Guest editorial: Missile shield goof
Reports of Russia lobbing SS-21 ballistic missiles at Georgia only underlined what missile defense supporters took from Iran's series of missile tests earlier this summer: there is a missile threat, and the United States missile defense system is the best way to handle it.
They are wrong on both counts. But with the United States having finally worked out agreements with the Czech Republic and Poland to host parts of the system, the wheels have been set in motion for a huge U.S. foreign policy blunder that could have long-term and grave consequences.
After months of delays, the United States and the Czech Republic signed an accord in July that allows for deployment of American radar in the Czech Republic as part of the U.S. plan for establishing a European missile defense site. A secondary accord followed two months later that establishes the legal status of U.S. troops on Czech territory. Both accords must now be approved by the Czech parliament, something that is questionable since well over two-thirds of the Czech population opposes them. In fact, the antipathy of the Czechs toward missile defense cooperation is so strong that it has sparked the biggest activist campaign since the time of Vaclav Havel.
Prolonging its talks with the Czech Republic, the United States has been courting Poland for the past year and a half to host 10 missile defense interceptors. The Poles, feeling unappreciated for their support in Iraq and worried about Russia's response, insisted on expensive increases to their air defense systems if the interceptors were to be fielded on their territory. This stalemate held until Russian tanks rolled into Georgia. Within days, the Polish missile defense negotiator had been fired and a deal was struck where the United States agreed to field one Patriot battery in Poland and to come to Poland's aid should there be any advances on its territory. This agreement will soon be presented to Poland's legislature.
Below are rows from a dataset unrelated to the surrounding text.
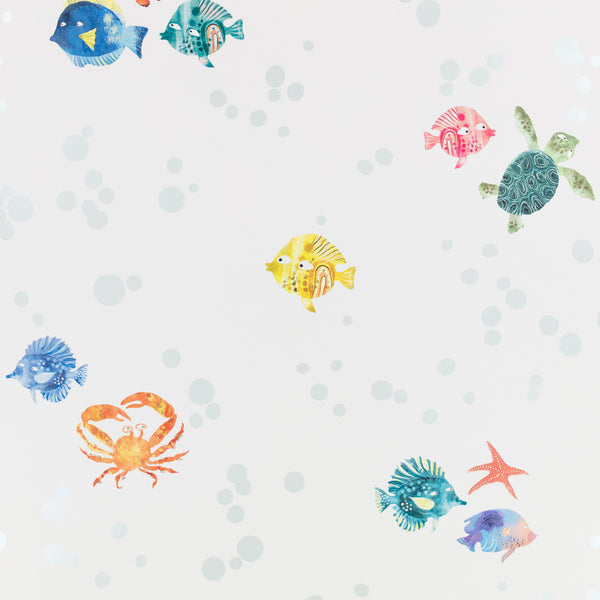 Something Fishy Wallpaper Something Fishy | Romo Europe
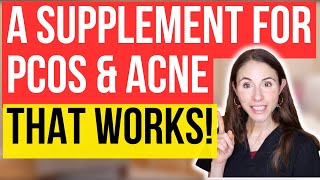 The Best Supplement For PCOS And Acne  MyoInositol [upl. by Nahtnamas488]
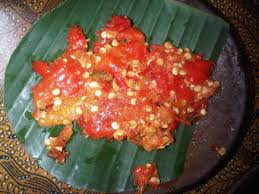In indonesia, sambal terasi can be raw (mentah) or cooked (matang). Kumpulan Resep Membuat Sambal Mudah Untuk Anak Kos Yang Jauh Dari Rumah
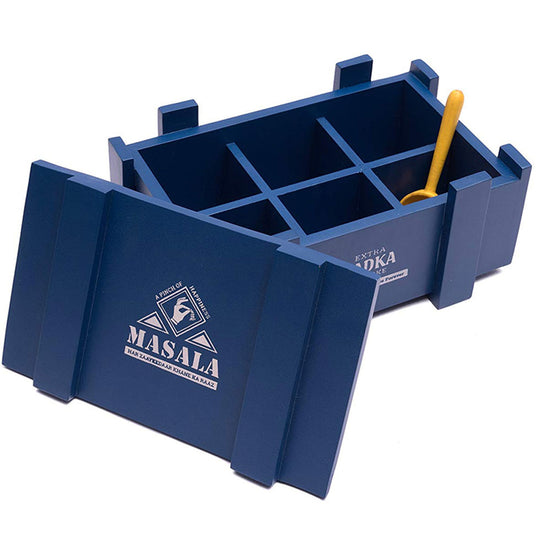 TNT MASALA BOX (Brust of Flavors) Blue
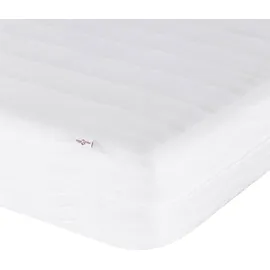 vidaXL Tagesbett mit Matratze Gelb 80x200 cm Samt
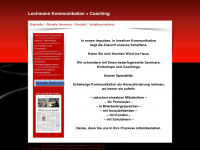 lochmann-kommunikation.de Webseite Vorschau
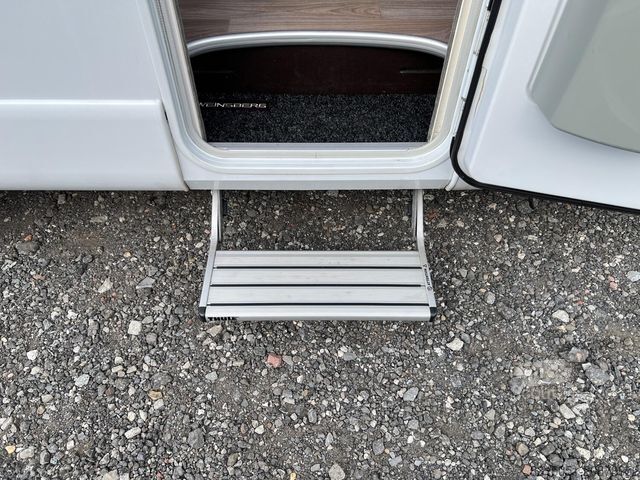 Caravana semiintegrada WEINSBERG CaraLoft 550 MG Markise+TV+Navi+Kamera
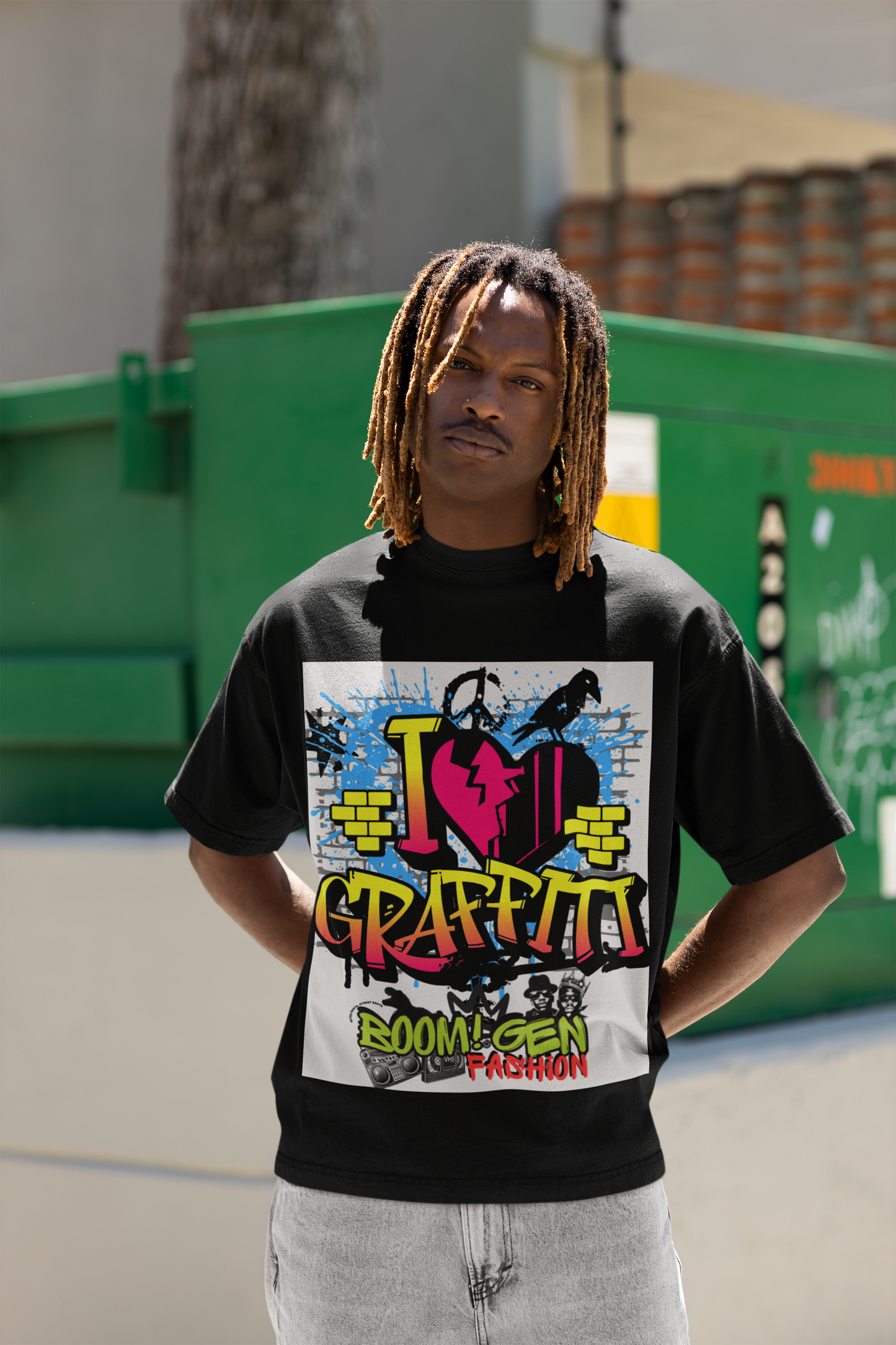 I ♥ Graffiti” Tee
The nearly $6 billion scheme had its funding cut in earlier budgets by a Congress dubious about its necessity or merit. So supporters latched onto the Iranian missile tests this past July as validation for the program. According to Republican presidential nominee Sen. John McCain, these tests "demonstrate the need for effective missile defense now and in the future, and this includes missile defense in Europe as is planned with the Czech Republic and Poland."
Ironically, these missile tests by Iran reportedly included the Shahab-3, a ballistic missile that would at best reach areas that would not be shielded by the theoretical umbrella of the European missile defense site.
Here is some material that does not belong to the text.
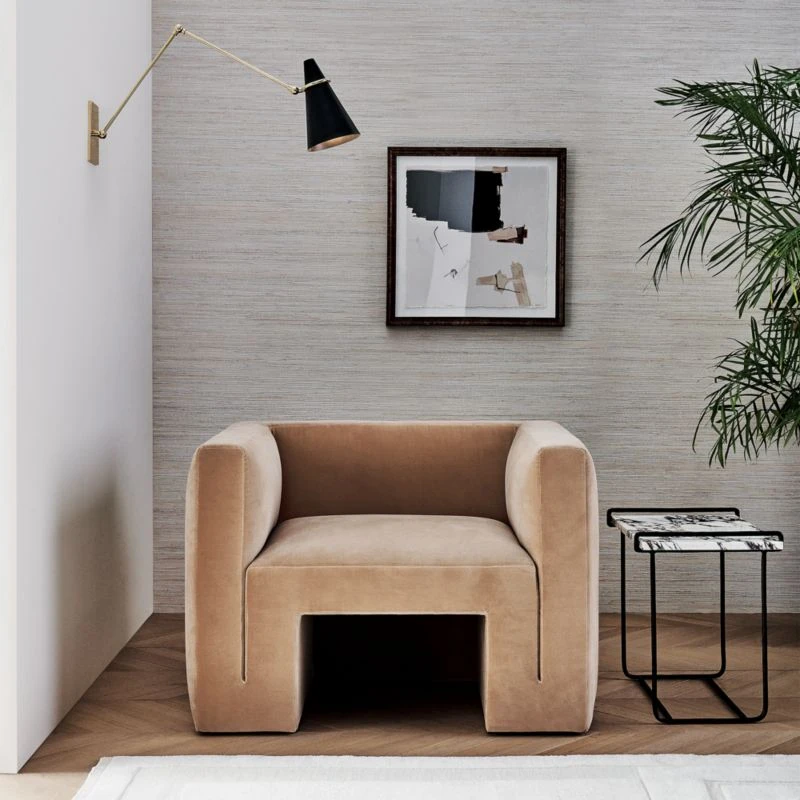 Aldus Black And Polished Brass Articulating Wall Sconce - Image 6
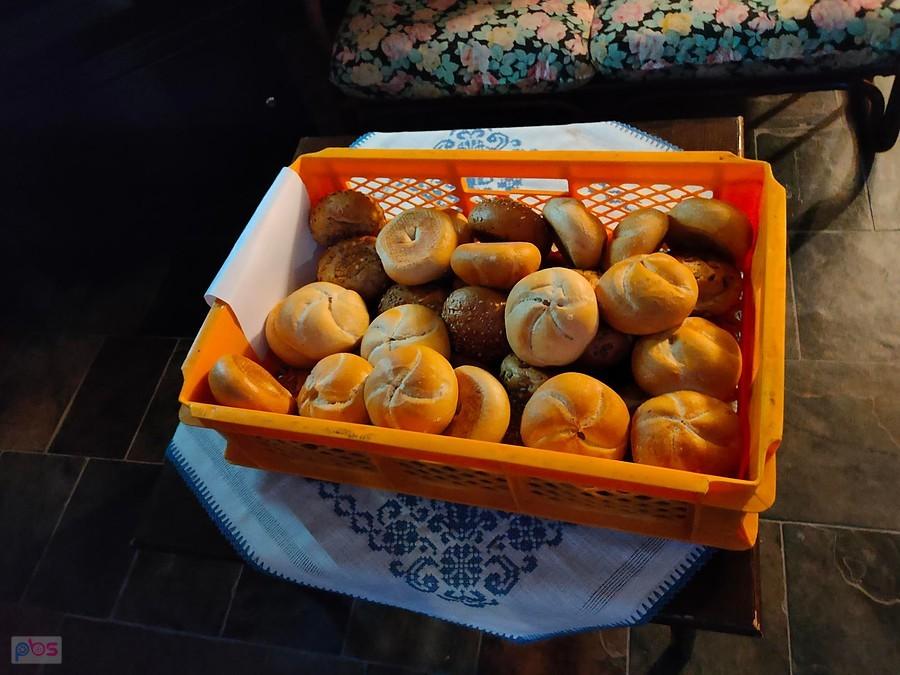 Bułki na śniadanie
Of course, that assumes that Iran would wish to attack Europe with ballistic missiles, an idea that stretches the imagination.
Iran does not currently possess, nor is expected to have for the better part of a decade (if then), missiles that could reach the United States.
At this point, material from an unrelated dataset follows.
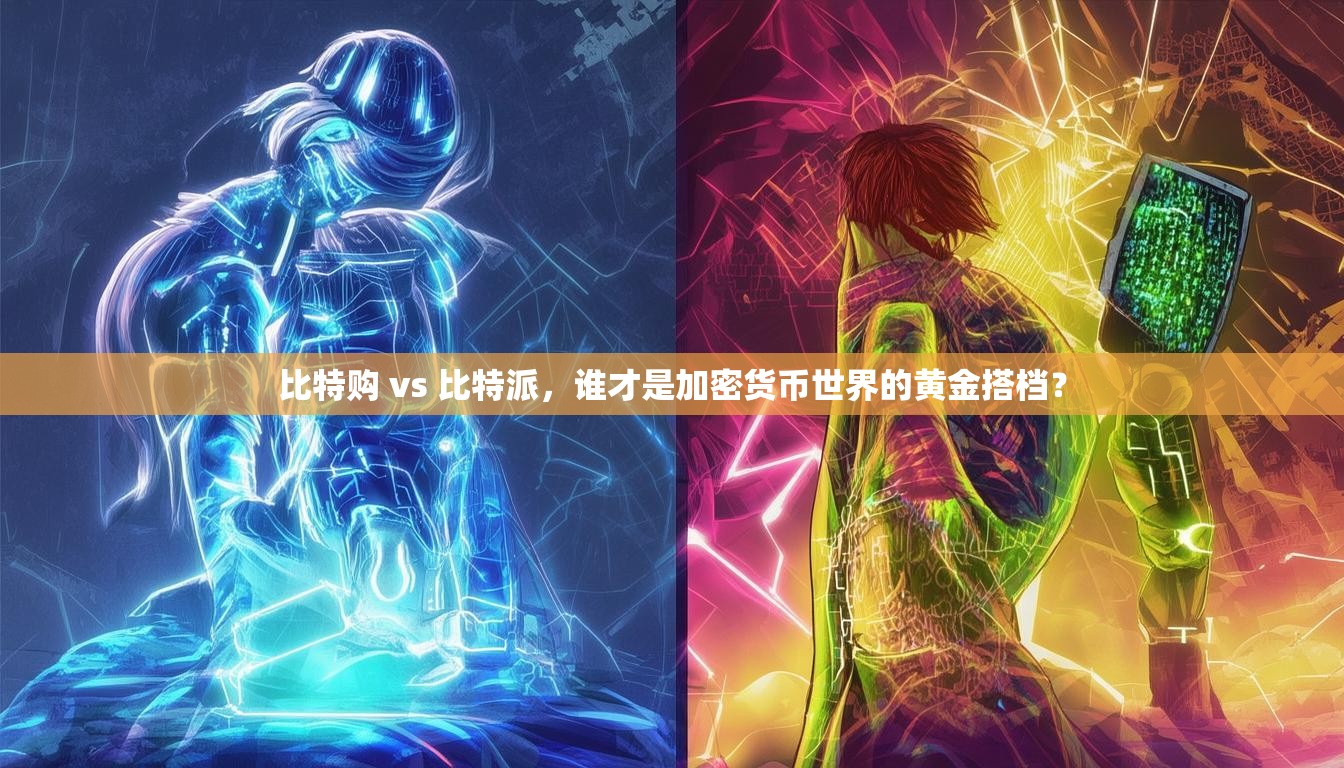 比特购 vs 比特派，谁才是加密货币世界的黄金搭档？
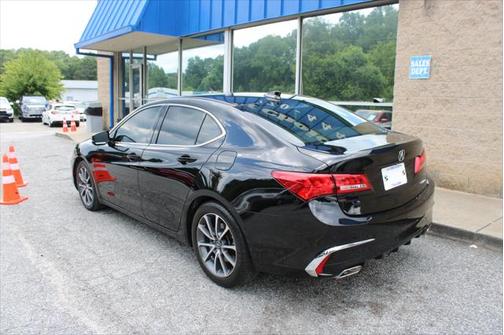 2018 Acura TLX Base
Russian officials have long been worried that the U.S. system was actually aimed at them, and the rhetoric surrounding the Polish agreement does nothing to qualm their fears.
The Russians are right. This missile defense system in Europe is geared toward them, but not in the way that they think. Those interceptors that the United States wants to install in Poland don't exist and, if they did, they could not defend against the number or caliber of missiles in Russia's arsenal. The Patriot battery that the United States has agreed to send to Poland is nothing more than a stop-gap measure to make the Poles feel better.
From a political standpoint, though, the planned U.S. missile defense system in Europe is much more powerful. It is a symbol of American military might in eastern Europe, a sign that is meant for Russia.
Going ahead with the U.S. missile defense plans for the Czech Republic and Poland at a time when American-Russian relations are at their post-Cold War nadir will only wound them further. And it is all being done in the name of weapons that don't work against a threat that doesn't exist.
Victoria Samson is a senior analyst for the Center for Defense Information, a non-partisan think tank in Washington, D.C., that focuses on military and security issues.